VERSO FRANCOFORTE: RITORNO NEL CUORE DELLA BESTIA

imgresUn anno è passato dall’esperienza di Blockupy Frankfurt, quando i movimenti decisero di portare la propria voce nella capitale della finanza europea. Il segnale da dare era chiaro: affrontare la sfida lanciata dal sistema neoliberale sui propri territori risultava indubbiamente importante ma non sufficiente per rispondere ad una crisi che, con le sue dinamiche predatorie, avvolgeva l’intera Europa. Bisognava iniziare a parlare un nuovo linguaggio transnazionale, in grado di riconnettere le diverse lotte territoriali e di costruire una risposta adeguata a una crisi globale che ha nell’Europa il suo epicentro, in particolar modo nel contesto mediterraneo. Ciò che un anno fa ci spinse sotto i palazzi della Gotham City del vecchio continente è oggi più che attuale: la crisi è in continua espansione e la troika europea (coadiuvata “brillantemente” dai governi nazionali, siano essi tecnici o delle “larghe intese”) continua a promulgare diktat e ammonimenti con esiti sociali disastrosi. Tagli a una spesa pubblica sempre più ridotta all’osso, privatizzazioni selvagge, diritti smantellati a ciclo continuo sono solo alcune delle ricette imposte dalla governance continentale che ormai tristemente conosciamo, il tutto ben inquadrato all’interno di quel pareggio di bilancio così fortemente voluto dalla BCE e dai suoi fedeli sostenitori (in primis le grandi lobbies finanziarie).

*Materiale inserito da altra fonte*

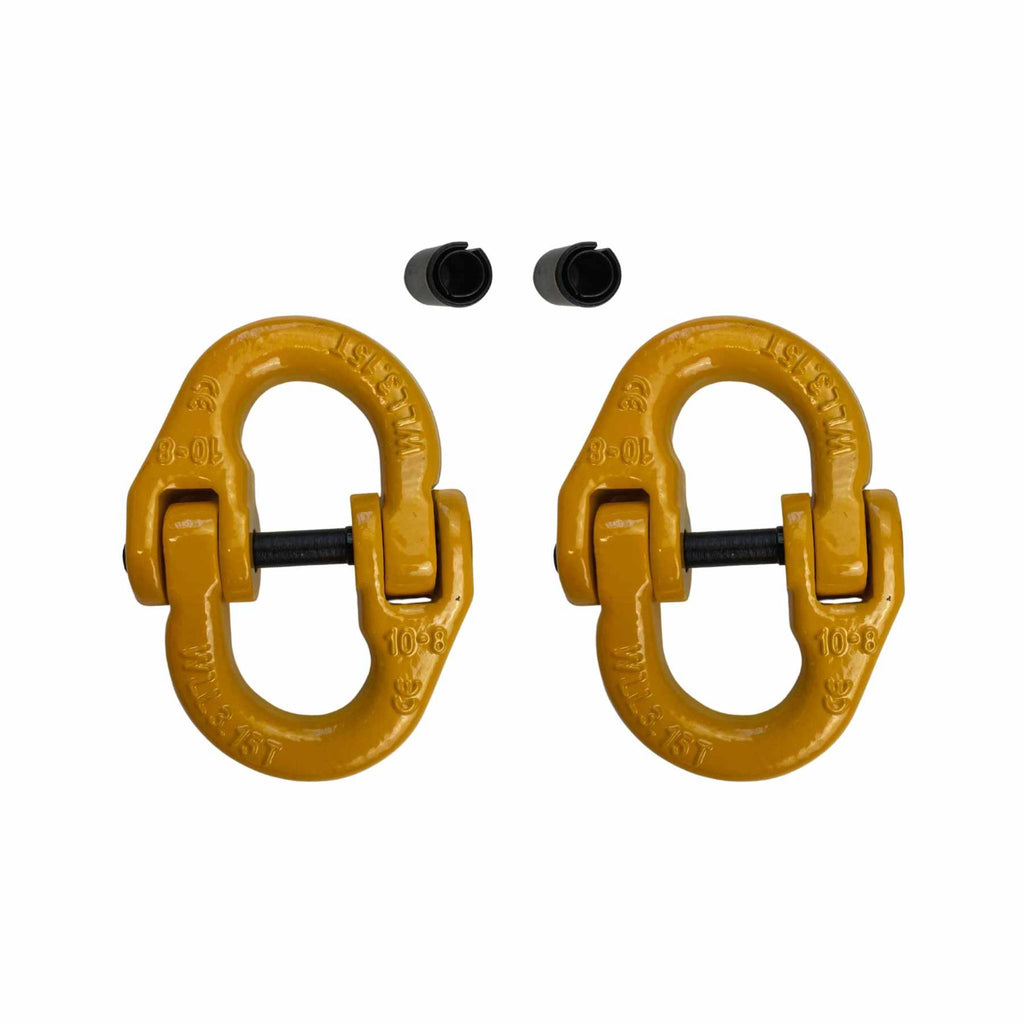 TAG 3.15T G80 Trailer Safety Chain Kit 10mm Eye Sling Hooks & Hammer Lock Connectors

Durante l’ultimo anno, molteplici sono stati i momenti di scambio e di proposta politica lanciati dai movimenti che animano le lotte di resistenza alla crisi e alla sua voracità. Basti pensare ad Agorà 99 a Madrid, all’appuntamento di Bruxelles, ma anche alle giornate di interazione diretta con tutto lo scenario del Nord Africa che parla la lingua dei diritti e della democrazia, un lessico che ci accomuna sempre di più di fronte a dinamiche che hanno fra loro una somiglianza lugubre e triste. Senza dimenticare ovviamente la data del 14 novembre 2012, quando un grande sciopero sociale ha riempito le piazze d’Europa con cortei che hanno violato le zone rosse imposte e portato la rabbia e il desiderio di cambiamento di milioni di persone sotto quei palazzi del potere che sono sempre meno in grado di rappresentare bisogni e necessità reali.

Fra pochi giorni torneremo nuovamente nel “cuore della bestia”, in quella Francoforte che un anno fa ci ospitò agli inizi di questo percorso di dialogo e di relazioni internazionali. Molte sono le aspettative e i desideri su ciò che ci aspetta. Attraverso le iniziative, i dibattiti e le azioni che ci saranno, vogliamo e dobbiamo riportare l’attenzione sui luoghi in cui vengono impartite le direttive che poi i nostri governi codificano in leggi. La sfida è irrinunciabile quanto ambiziosa: i movimenti, anche attraverso queste giornate , dovranno essere in grado di dimostrare che il processo apertosi un anno fa è in costante evoluzione, che il dialogo intessuto continua a produrre quelle sinergie che oggi sono sempre più insostituibili per dare una vera risposta alla crisi, rimettendo al centro la questione dei diritti, del reddito, di un nuovo welfare universale e quindi della democrazia, quella vera, quella con la “d” maiuscola.

Francoforte come primo momento di bilancio, ma anche come trampolino verso l’autunno che ci aspetta, in cui le resistenze agli attacchi del capitalismo finanziario e dei suoi “bravi” dovranno trovare nei movimenti il loro miglior propulsore, articolando una risposta che dai singoli territori riesca poi ad abbracciare l’intero continente, promuovendo l’edificazione di una nuova Europa, un’ Europa dei movimenti creata a dimensione umana e non in funzione delle logiche economiche favorevoli ad agenzie di rating, istituti di credito e speculatori di tutte le risme.

Venerdì 31 maggio e sabato 1 giugno saremo quindi in tanti nelle strade e nelle piazze di Francoforte, consci che il percorso davanti a noi rimane tortuoso e irto di ostacoli, ma che la strada intrapresa è quella che ci può portare a disegnare un futuro diverso da quello drammatico che ci vorrebbero imporre.